Quelques regards brillaient, et, s'il faut le dire, presque à l'égal des flammes du lustre, qui semblaient jeter sur la salle un éclat inaccoutumé. Vraiment, on y voyait plus clair que d'habitude, bien que l'éclairage n'eût point été augmenté. Ah! si les appareils nouveaux du docteur Ox eussent fonctionné! mais ils ne fonctionnaient pas encore.
Enfin, l'orchestre est à son poste, au grand complet. Le premier violon a passé entre les pupitres pour donner un la modeste à ses collègues. Les instruments à corde, les instruments à vent, les instruments à percussion sont d'accord. Le chef d'orchestre n'attend plus que le coup de sonnette pour battre la première mesure.

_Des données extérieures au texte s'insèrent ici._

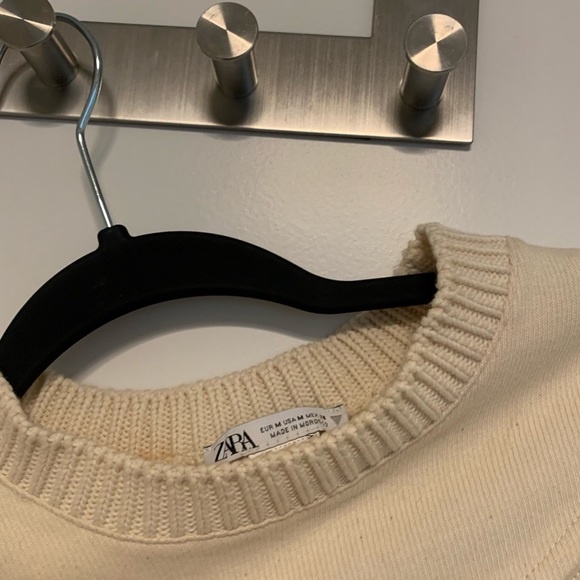 Zara Asymmetrical Crop Top - Picture 3 of 5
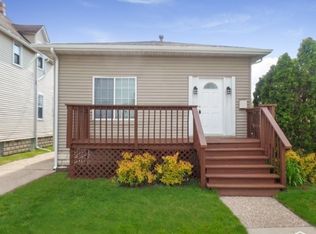 8370 Archer Ave, Willow Springs, IL 60480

La sonnette retentit. Le quatrième acte commence. L'allegro appassionato de l'entracte est joué suivant l'habitude, avec une lenteur majestueuse, qui eût fait bondir l'illustre Meyerbeer, et dont les dilettanti Quiquendoniens apprécient toute la majesté.
Mais bientôt le chef d'orchestre ne se sent plus maître de ses exécutants. Il a quelque peine à les retenir, eux si obéissants, si calmes d'ordinaire. Les instruments à vent ont une tendance à presser les mouvements, et il faut les refréner d'une main ferme, car ils prendraient l'avance sur les instruments à cordes, ce qui, au point de vue harmonique, produirait un effet regrettable. Le basson lui-même, le fils du pharmacien Josse Liefrinck, un jeune homme si bien élevé, tend à s'emporter.
Cependant Valentine a commencé son récitatif:
Je suis seule chez moi....
mais elle presse. Le chef d'orchestre et tous ses musiciens la suivent—peut-être à leur insu—dans son cantabile, qui devrait être battu largement, comme un douze-huit qu'il est. Lorsque Raoul paraît à la porte du fond, entre le moment où Valentine va à lui et le moment où elle le cache dans la chambre à côté, il ne se passe pas un quart d'heure, tandis qu'autrefois, selon la tradition du théâtre de Quiquendone, ce récitatif de trente-sept mesures durait juste trente-sept minutes.
Saint-Bris, Nevers, Cavannes et les seigneurs catholiques sont entrés en scène, un peu précipitamment peut être. Allegro pomposo a marqué le compositeur sur la partition. L'orchestre et les seigneurs vont bien allegro, mais pas pomposo du tout, et au morceau d'ensemble, dans cette page magistrale de la conjuration et de la bénédiction des poignards, on ne modère plus l'allegro réglementaire. Chanteurs et musiciens s'échappent fougueusement. Le chef d'orchestre ne songe plus à les retenir. D'ailleurs le public ne réclame pas, au contraire; on sent qu'il est entraîné lui-même, qu'il est dans le mouvement, et que ce mouvement répond aux aspirations de son âme:
des troubles renaissants et d'une guerre impie
Voulez-vous, comme moi, délivrer le pays?
On promet, on jure. C'est à peine si Nevers a le temps de protester et de chanter que, «parmi ses aïeux, il compte des soldats et pas un assassin.» On l'arrête. Les quarteniers et les échevins accourent et jurent rapidement «de frapper tous à la fois». Saint-Bris enlève comme un véritable deux-quatre de barrière le récitatif qui appelle les catholiques à la vengeance. Les trois moines, portant des corbeilles avec des écharpes blanches, se précipitent par la porte du fond de l'appartement de Nevers, sans tenir compte de la mise en scène, qui leur recommande de s'avancer lentement. Déjà tous les assistants ont tiré leur épée et leur poignard, que les trois moines bénissent en un tour de main. Les soprani, les ténors, les basses, attaquent avec des cris de rage l'allegro furioso, et, d'un six-huit dramatique, ils font un six-huit de quadrille. Puis, ils sortent en hurlant:
À minuit,
Point de bruit!
Dieu le veut!
Oui,
À minuit.
En ce moment, le public est debout. On s'agite dans les loges, au parterre, aux galeries. Il semble que tous les spectateurs vont s'élancer sur la scène, le bourgmestre van Tricasse en tête, afin de s'unir aux conjurés et d'anéantir les huguenots, dont, d'ailleurs, ils partagent les opinions religieuses. On applaudit, on rappelle, on acclame! Tatanémance agite d'une main fébrile son bonnet vert-pomme. Les lampes de la salle jettent un éclat ardent.
Raoul, au lieu de soulever lentement la draperie, la déchire par un geste superbe et se trouve face à face avec Valentine.
Enfin! c'est le grand duo, et il est mené allegro vivace. Raoul n'attend pas les demandes de Valentine et Valentine n'attend pas les réponses de Raoul.